Information provided
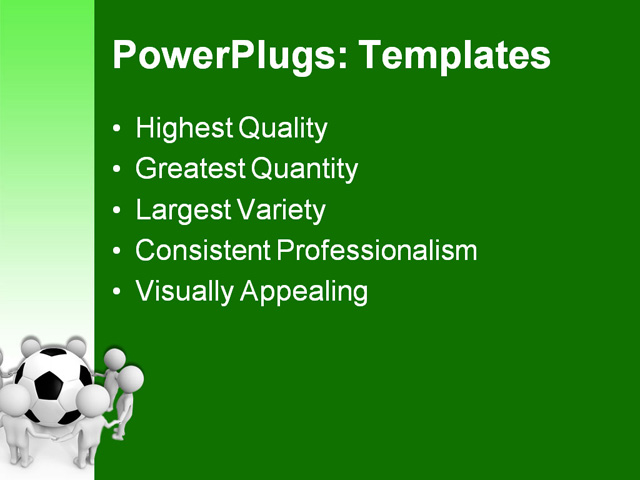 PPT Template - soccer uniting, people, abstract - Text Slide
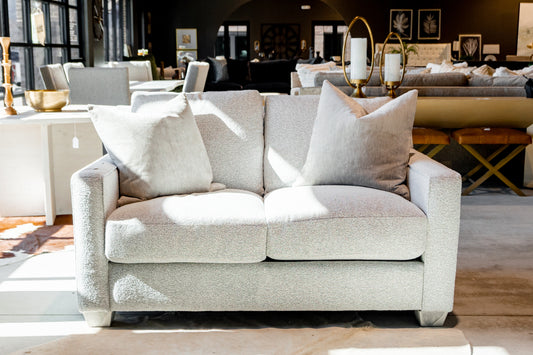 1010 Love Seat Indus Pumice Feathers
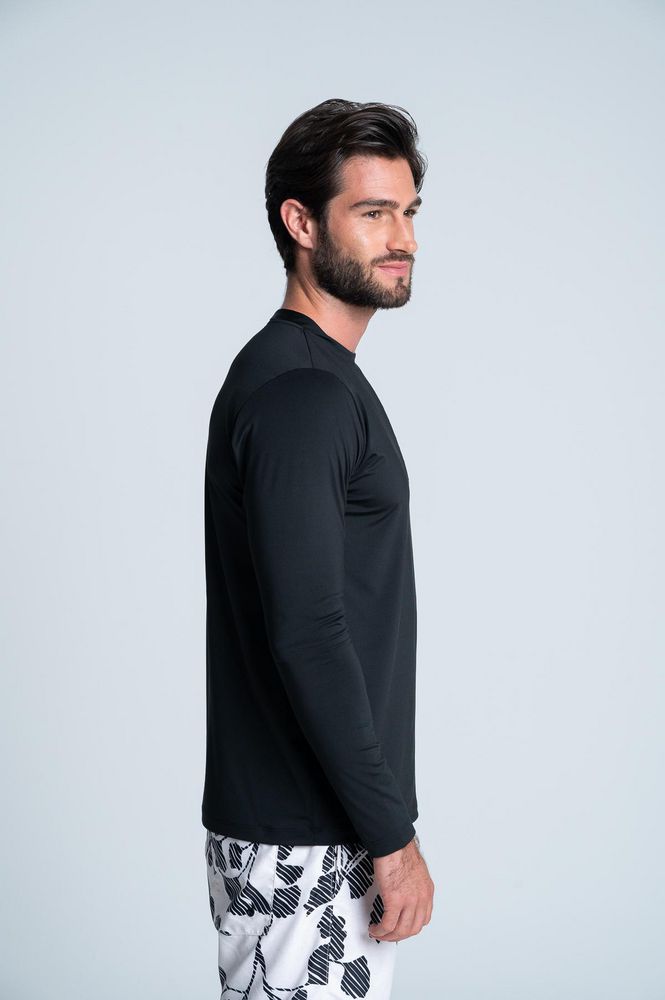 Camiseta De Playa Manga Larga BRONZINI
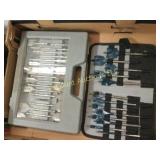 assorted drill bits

Task to complete
Please copy the data above exactly; the pictures do not belong in the copy.

Written reply
 PPT Template - soccer uniting, people, abstract - Text Slide
 1010 Love Seat Indus Pumice Feathers
 Camiseta De Playa Manga Larga BRONZINI
 assorted drill bits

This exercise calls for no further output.